Article Review – The High Dividend Yield Return Advantage

The High Dividend Yield Return Advantage:  An Examination of Empirical Data Associating Investment in High Dividend Yield Securities with Attractive Returns Over Long Measurement Periods

This is my review of the article by Tweedy Brown Funds Inc. Some text has been copied from the article for discussion.
 
Triumph of the Optimists: 101 Years of Global Investment Returns Princeton University Press (2002), Elroy Dimson, Paul Marsh, and Mike Staunton examined the respective contributions to returns provided by capital gains and dividends from 1900 to 2000.
 
Over 101 years, they found that a market-oriented portfolio, which included reinvested dividends, would have generated nearly 85 times the wealth generated by the same portfolio relying solely on capital gains.  This wealth accumulation would, of course, have been lower if dividends were not assumed to have been reinvested.
 
In an editorial in the Financial Analysts Journal in 2003, entitled Dividends and the Three Dwarfs, Robert D. Arnott examined the various components of equity returns for the 200 years ending in 2002.  He concluded that dividends were far and away the main source of the real return one would expect from stocks, dwarfing the other constituents: inflation, rising valuations, and growth in dividends.  In the chart below, Arnott shows the contribution to total return for each of these constituents for the period 1802 to 2002.  The total annualized return for the period of 7.9% consisted of a 5% return from dividends, a 1.4% return from inflation, a 0.6% return from rising valuation levels, and a 0.8% return from real growth in dividends.  He concludes that “… unless corporate managers can provide sharply higher real growth in earnings, dividends are the main source of the real return we expect from stocks.”
 
Professor Siegel also coined the terms “bear market protector” and “return accelerator” to describe how dividend reinvestment during stock market declines can dramatically lessen the time necessary to recoup portfolio losses.
 
In a recent 36-year study conducted by Lehman Brothers equity research group in September 2005, high dividend yield stocks were found to have produced more return with less risk than their low-yield counterparts.  The Lehman analysts studied the one thousand largest of U.S. firms ranked by market capitalization, and rebalanced these securities quarterly, starting in January 1970.  They found that the top-yielding quintile produced a 13.7% equal-weighted total return per year with a 15.5% standard deviation of return.  The bottom-yielding quintile, in comparison, returned 9.0% with a 29.1% standard deviation.
 
Arithmetically, the lower the pay-out ratio associated with a given level of dividend yield, the higher the earnings yield for the company, and the cheaper the stock based on price-to earnings multiples:  The high yield, low pay-out stocks that produced the better returns were priced at low ratios of price-to-earnings, and as a corollary, at high ratios of earnings-to-price; i.e., earnings yield.
 
 
 
There are 8 conclusions .. but 1st two very relevant:
 
1. Over the last 100 plus years, an investment in a market-oriented portfolio that included, most importantly, reinvested dividends, would have produced 85 times the wealth generated by the same portfolio relying solely on capital gains.
 
2. There is substantial empirical evidence to support a direct correlation between high dividend yields and attractive total returns.
 
Over the last 100 plus years, an investment in a market-oriented portfolio that included, most importantly, reinvested dividends, would have produced 85 times the wealth generated by the same portfolio relying solely on capital gains. 2. There is substantial empirical evidence to support a direct correlation between high dividend yields and attractive total returns.
 
Now clearly this is one side of a coin and there is also research and articles pointing out that taking a higher risk, higher growth, lower yield strategy would produce higher total returns.
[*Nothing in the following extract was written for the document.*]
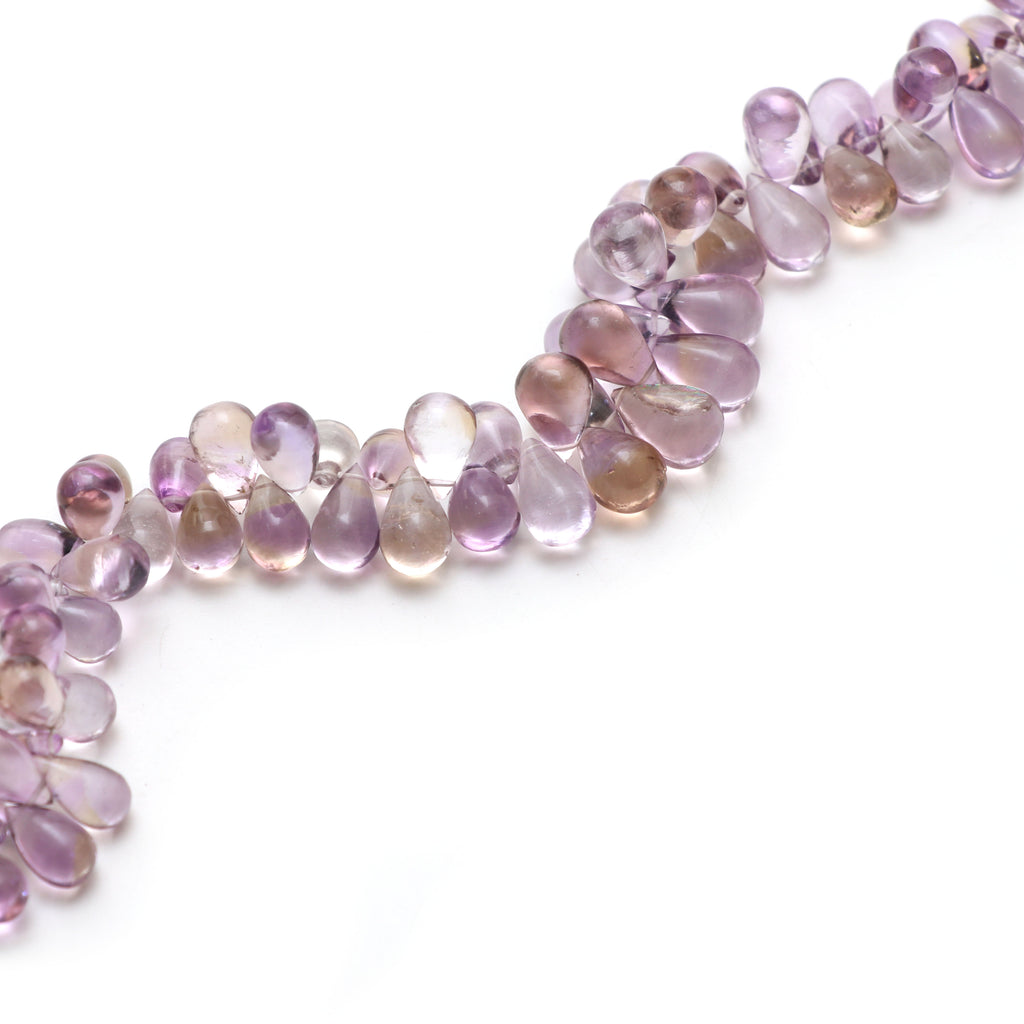 Natural Ametrine Smooth Drop Beads, 5x8.5 mm to 9x14 mm, Ametrine Jewelry Handmade Gift for Women, 18 Inch Strand, Price Per Strand - National Facets, Gemstone Manufacturer, Natural Gemstones, Gemstone Beads, Gemstone Carvings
Perhaps true, but the real point here is that picking solid (if unfashionable) holdings and reinvesting the yield will generate high (and perhaps very high) returns over a long period of time. In an earlier article on compounding I mused that the real value of compounding should be viewed as being able to produce higher income streams with lower risks. This article seems to rather bear that out.
 
It should be noted though that all of this is over the long term (decades). I wonder if in the middle of an accumulation phase for example 10 years from retiring we had another 1970’s Oil Crisis where stock markets plunged 90% in some cases.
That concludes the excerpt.